Rhytiphobia is the irrational fear of wrinkles. Someone experiencing this mental illness may find that they have extreme amounts of anxiety at the mere thought of them having wrinkles or of showing any sort of age. Due to their intense and intrusive fear, they may go to painstaking efforts to try and preserve their youth. They may do this by purchasing hundreds if not thousands of dollars worth of beauty products.
Someone with rhytiphobia may also go through countless surgeries or skin procedures such as Botox in an attempt to minimize the appearance of wrinkles on their face. People with this phobia will typically be concerned about wrinkles on the face much more than they on other areas of their body, such as the arms or neck for example. However, in extreme cases, someone with rhytiphobia may find themselves worrying over any and all wrinkles found on their body.
It is also important to shed some light on the irrationality of this condition. For example, people suffering from rhytiphobia may experience agonizing anxiety from their fear of wrinkles even though they don’t appear to have any visible wrinkles at all. Someone with this condition can be either old or young. Rhytiphobia does not discriminate against age. Though, it may affect people more as they age.
Besides enduring extreme amounts of anxiety, someone with this condition may also feel very shameful about themselves. Even though they may try to exude confidence and security, the exact opposite may be true.
Symptoms of Rhytiphobia
As is the case with virtually all phobias, anxiety will be one of the main symptoms experienced with rhytiphobia.

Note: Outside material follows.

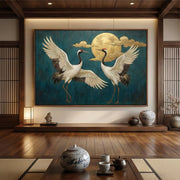 Impressionist Art | Moonlit Crane Duet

Besides feelings of intense fear and terror when thinking of getting wrinkles, they may also experience a dip in self-esteem as they will more likely be very critical of themselves. They may be harshly judgmental about their appearance and may even believe themselves to be “not good enough”.
If emotions such as shame, sadness, and hopelessness persist for long periods of time without being treated, it may evolve into full blown depression insofar as they have the genetics for this to happen. If this were to occur, then it may only exacerbate their symptoms of rhytiphobia. However, such an occurrence will greatly vary from person to person.
As mentioned before, someone with this illness may spend large sums of money for months or years on surgical procedures, injections, and facial creams in an attempt to rid or prevent themselves from getting wrinkles. Besides their ineptness with rationalizing, another huge cause of their pain and suffering may be due to their inability to accept reality. Being unable to accept the inevitable (i.e. aging) may be one of the major sources of anxiety for someone with rhytiphobia.
Below, you will see some more common symptoms of rhytiphobia:
Intense anxiety if a wrinkle is found on their skin
Anxiety at the mere thought of having wrinkles
Inability to accept reality
Ineptness with controlling or coping with strong emotions
Excessive spending of skin treatments
Causes of Rhytiphobia
There are no known causes of rhytiphobia. However, genetics and one’s environment may play a pivotal role in someone developing this very intrusive disorder. For instance, someone with a family history of mental illness, especially of anxiety disorders or phobias may have a much higher chance of developing rhytiphobia than someone who doesn’t have such a history. This has to due to the potential of them then having a genetic predisposition to develop mental illness.
If someone were to have such a genetic predisposition, then it may only take them experiencing some sort of traumatic event for them to develop full blown rhytiphobia. Such a traumatic event may be that they were teased about their appearance from a young age, thus ingraining a belief about themselves that they are unattractive. They may have also been thought to be much older looking than what they really are by one of their peers, thus reassuring the insecurities they may already withhold about themselves.
Another plausible reason as to why someone may develop rhytiphobia is that they may simply be aging with a refusal to accept that they are aging. They may simply be extremely willful about such a reality. If someone was to withhold such convictions, as well as having the genetic makeup to develop mental illness in the first place, then it is not implausible to conceive that they could develop rhytiphobia over time because of this.
However, the reality is that we do not definitively know what causes this condition. The best we can do is look at the pertinent causal factors.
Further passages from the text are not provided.